Erdoğan, KKTC´li bir gazetecinin, ´´Neler yanlış gidiyor ki KKTC başbakanları Türkiye´ye gelip para alıp dönüyor. Neler yanlış gidiyor ki hala Kıbrıs´lı Türkler balık tutmayı öğrenemedi, hep balık alıp geri dönüyorlar?´´ sorusuna, şu yanıtı verdi:

´´Zaten sorunun cevabını siz son cümlelerinizde verdiniz. Ne güzel değil mi? Balık almaya gelip balık tutmayı öğrenen bir anlayış... Bunu başarmak lazım, bunu halletmek lazım. KKTC´de bu yolda bazı gelişmeler olsun diye biliyorsunuz. Biz 6.5 yıllık iktidarımız döneminde KKTC´nin alt yapısına çok önem verdik. Altyapının gelişmesine çok önem verdik. Yani nakit yardım ya da nakit destek yanında biz ağırlıklı olarak altyapıyı güçlendirelim istedik. Bundan 7-8 yıl önce benim gezdiğim KKTC ile ondan sonra her gidişimde değişen bir Kuzey Kıbrıs´ı görmenin bahtiyarılığını yaşadım.

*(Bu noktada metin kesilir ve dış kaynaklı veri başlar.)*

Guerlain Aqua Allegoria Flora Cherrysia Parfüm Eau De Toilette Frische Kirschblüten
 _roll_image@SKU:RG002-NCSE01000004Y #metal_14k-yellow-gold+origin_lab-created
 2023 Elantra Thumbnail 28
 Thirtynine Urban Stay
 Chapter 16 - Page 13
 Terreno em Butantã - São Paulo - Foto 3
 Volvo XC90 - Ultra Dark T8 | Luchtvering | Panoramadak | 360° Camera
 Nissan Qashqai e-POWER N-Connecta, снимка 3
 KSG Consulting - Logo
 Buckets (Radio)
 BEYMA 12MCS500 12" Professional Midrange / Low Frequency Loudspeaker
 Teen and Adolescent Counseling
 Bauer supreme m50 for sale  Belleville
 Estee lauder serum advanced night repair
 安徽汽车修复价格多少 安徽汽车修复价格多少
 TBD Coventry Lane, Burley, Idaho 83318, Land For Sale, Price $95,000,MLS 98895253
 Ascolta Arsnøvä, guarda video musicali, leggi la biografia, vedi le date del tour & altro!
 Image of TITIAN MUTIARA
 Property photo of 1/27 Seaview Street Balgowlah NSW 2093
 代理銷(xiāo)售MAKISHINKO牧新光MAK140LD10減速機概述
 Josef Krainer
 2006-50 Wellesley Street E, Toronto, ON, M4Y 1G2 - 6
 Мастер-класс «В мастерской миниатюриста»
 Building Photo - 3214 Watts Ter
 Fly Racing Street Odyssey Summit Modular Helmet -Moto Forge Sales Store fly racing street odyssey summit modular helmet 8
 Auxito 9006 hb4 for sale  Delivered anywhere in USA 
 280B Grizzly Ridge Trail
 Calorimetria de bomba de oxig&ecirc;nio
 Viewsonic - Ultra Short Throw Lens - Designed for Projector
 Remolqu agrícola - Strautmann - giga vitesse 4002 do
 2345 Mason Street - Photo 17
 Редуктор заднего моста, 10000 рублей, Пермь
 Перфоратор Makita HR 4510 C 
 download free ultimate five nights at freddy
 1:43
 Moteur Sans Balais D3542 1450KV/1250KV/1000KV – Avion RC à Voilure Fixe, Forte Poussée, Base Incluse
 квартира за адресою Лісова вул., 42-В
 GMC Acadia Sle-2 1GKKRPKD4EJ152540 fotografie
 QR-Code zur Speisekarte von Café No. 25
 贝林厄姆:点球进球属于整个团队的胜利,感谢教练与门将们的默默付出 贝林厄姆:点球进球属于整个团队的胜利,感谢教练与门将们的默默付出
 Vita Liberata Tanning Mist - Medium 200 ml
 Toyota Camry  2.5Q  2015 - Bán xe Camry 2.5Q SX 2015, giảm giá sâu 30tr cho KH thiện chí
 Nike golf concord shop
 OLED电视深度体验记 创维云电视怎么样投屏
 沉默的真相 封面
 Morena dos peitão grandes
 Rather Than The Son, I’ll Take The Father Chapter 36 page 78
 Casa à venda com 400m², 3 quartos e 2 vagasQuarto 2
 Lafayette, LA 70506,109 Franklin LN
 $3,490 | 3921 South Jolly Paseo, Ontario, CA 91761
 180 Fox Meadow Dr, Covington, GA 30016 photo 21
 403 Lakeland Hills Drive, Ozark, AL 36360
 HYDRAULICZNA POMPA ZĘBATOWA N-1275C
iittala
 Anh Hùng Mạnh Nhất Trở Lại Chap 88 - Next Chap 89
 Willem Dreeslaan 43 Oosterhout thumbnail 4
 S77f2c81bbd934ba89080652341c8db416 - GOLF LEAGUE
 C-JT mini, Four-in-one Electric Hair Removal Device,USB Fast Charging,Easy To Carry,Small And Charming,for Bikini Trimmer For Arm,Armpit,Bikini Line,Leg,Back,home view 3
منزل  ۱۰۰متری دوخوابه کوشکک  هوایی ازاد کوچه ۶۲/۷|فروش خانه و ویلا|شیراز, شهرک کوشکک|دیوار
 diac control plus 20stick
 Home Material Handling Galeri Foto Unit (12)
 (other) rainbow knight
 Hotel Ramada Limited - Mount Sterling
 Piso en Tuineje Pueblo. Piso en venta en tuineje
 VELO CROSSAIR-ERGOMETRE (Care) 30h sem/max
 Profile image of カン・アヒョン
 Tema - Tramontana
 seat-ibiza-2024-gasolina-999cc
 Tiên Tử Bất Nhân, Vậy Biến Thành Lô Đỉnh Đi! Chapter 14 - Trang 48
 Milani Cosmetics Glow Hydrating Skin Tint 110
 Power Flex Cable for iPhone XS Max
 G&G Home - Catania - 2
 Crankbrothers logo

Bir taraftan turizmde ciddi yatırımların olduğu bir KKTC var artık. Sanayileşmede arıt yavaş yavaş en azından gıda sektöründe bazı gelişmeler var. Fakat bunlar yeterli mi? Değil´´

Türk iş adamlarını KKTC´de yatırıma teşvik ettiklerini kaydeden Erdoğan, ´´Yatırımlar olacak ki hem istihdam sağlansın hem de KKTC ekonomisi çok daha farklı bir gücü, çok daha farklı bir imkanı yakalasın´´ dedi.

Türk yetkililerin KKTC´li muhataplarıyla yaptığı görüşmeler neticesinde ihtiyacın tespit edilerek bu ülkeye gerekli yardımın yapıldığını belirten Erdoğan, ´´Bu desteğimizi bundan sonraki süreçte de vereceğiz ama bazı yanlışların olduğu da bir vakıa. Bu yanlışların da giderilmesi, düzeltilmesi lazım´´ diye konuştu.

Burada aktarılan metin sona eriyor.